**THE INPUT**.
────
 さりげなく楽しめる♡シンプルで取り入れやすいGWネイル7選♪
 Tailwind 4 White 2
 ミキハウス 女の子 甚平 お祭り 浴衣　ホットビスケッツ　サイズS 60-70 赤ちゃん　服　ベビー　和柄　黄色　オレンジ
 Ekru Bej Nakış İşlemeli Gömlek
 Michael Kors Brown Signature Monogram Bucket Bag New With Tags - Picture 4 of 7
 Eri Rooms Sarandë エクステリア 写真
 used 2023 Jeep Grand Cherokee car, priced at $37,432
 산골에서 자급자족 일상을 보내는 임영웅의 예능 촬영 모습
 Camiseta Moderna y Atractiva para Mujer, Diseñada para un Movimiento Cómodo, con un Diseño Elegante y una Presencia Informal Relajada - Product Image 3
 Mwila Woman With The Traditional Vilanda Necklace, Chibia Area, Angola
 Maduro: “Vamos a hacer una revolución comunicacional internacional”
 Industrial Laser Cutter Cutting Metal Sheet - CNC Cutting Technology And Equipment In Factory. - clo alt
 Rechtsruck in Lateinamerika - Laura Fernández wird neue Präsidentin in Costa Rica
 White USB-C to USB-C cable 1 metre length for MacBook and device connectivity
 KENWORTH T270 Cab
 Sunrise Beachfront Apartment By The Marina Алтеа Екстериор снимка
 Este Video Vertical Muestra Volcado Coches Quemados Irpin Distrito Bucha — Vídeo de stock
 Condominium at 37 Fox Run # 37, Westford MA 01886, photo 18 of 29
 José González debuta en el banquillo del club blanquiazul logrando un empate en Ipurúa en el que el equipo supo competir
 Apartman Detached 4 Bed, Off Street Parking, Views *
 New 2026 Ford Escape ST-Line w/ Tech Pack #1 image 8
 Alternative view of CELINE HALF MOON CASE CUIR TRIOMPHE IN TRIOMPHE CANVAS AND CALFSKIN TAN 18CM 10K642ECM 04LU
────
**DIRECTIONS FOR THIS TASK**.
If a line falls between the first line of the data above and the line holding "a hacer una", inclusive, retype it exactly; retype no other line.

**TASK SOLUTION**.
 さりげなく楽しめる♡シンプルで取り入れやすいGWネイル7選♪
 Tailwind 4 White 2
 ミキハウス 女の子 甚平 お祭り 浴衣　ホットビスケッツ　サイズS 60-70 赤ちゃん　服　ベビー　和柄　黄色　オレンジ
 Ekru Bej Nakış İşlemeli Gömlek
 Michael Kors Brown Signature Monogram Bucket Bag New With Tags - Picture 4 of 7
 Eri Rooms Sarandë エクステリア 写真
 used 2023 Jeep Grand Cherokee car, priced at $37,432
 산골에서 자급자족 일상을 보내는 임영웅의 예능 촬영 모습
 Camiseta Moderna y Atractiva para Mujer, Diseñada para un Movimiento Cómodo, con un Diseño Elegante y una Presencia Informal Relajada - Product Image 3
 Mwila Woman With The Traditional Vilanda Necklace, Chibia Area, Angola
 Maduro: “Vamos a hacer una revolución comunicacional internacional”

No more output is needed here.